Tintype of an unidentified Black woman holding an unidentified white child. Image credit: Manuscript Collection, Bullitt Family Papers, The Filson Historical Society

This is the second of two posts about the Sanders-Bullitt Digital Collection at the Filson Historical Society. Part 1 was published on December 30, 2021.

The Bullitt family enslaved over two hundred people at the Oxmoor plantation in Jefferson County, Kentucky, and the Cottonwood plantation in Henderson County, Kentucky. The Bullitt’s manuscript collection is notorious for its size: it is one of the largest collections at the Filson Historical Society. The Sanders-Bullitt digital collection brings new perspectives to the Bullitt Family Papers that wouldn’t be possible without previous digital humanities projects.

A crucial component of the Sanders-Bullitt digital collection was our tagging system in Omeka, an online exhibit and collections platform created by and for public historians. Over two hundred entries are already digitized and online and we have tagged the names of every enslaved person we were able to identify. When clicking on the tag, viewers can travel an invisible thread that puts items across the collection into conversation with one another. While the original purpose of these materials was for correspondence, our tagging system transforms the Bullitt Family Papers into a more powerful, inclusive, and accurate collection.

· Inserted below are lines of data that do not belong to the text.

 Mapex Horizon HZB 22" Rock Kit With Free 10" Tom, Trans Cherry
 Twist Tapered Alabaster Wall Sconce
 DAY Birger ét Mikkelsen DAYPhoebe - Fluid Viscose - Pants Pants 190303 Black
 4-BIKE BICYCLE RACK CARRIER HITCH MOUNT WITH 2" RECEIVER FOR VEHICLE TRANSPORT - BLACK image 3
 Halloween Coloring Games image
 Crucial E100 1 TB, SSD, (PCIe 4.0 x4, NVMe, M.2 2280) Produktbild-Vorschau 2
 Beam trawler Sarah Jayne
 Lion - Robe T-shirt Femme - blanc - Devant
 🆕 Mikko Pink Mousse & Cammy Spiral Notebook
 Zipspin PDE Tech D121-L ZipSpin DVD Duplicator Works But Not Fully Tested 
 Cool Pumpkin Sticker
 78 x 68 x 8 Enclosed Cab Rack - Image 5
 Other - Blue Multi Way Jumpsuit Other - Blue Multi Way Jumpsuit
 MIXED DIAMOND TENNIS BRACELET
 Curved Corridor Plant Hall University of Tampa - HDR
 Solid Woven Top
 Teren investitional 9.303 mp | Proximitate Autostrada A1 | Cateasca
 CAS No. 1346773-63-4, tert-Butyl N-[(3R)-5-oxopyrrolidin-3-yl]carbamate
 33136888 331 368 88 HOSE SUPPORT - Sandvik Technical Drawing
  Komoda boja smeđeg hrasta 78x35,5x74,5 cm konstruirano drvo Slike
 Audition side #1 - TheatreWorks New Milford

While the tagging system is incredibly useful, it comes with obstacles that are well known to those researching Black history and genealogy. In many cases, it’s difficult to track specific people when there are a number of Henrys, Toms, Elizabeths, and Johns in both the Bullitt family and the families they enslaved. Furthermore, because of the omission or non-existence of surnames, it’s even more difficult to differentiate among enslaved people in documents. It’s unknown which Jim is being discussed in a specific letter when there are six recorded Jims with three different last names.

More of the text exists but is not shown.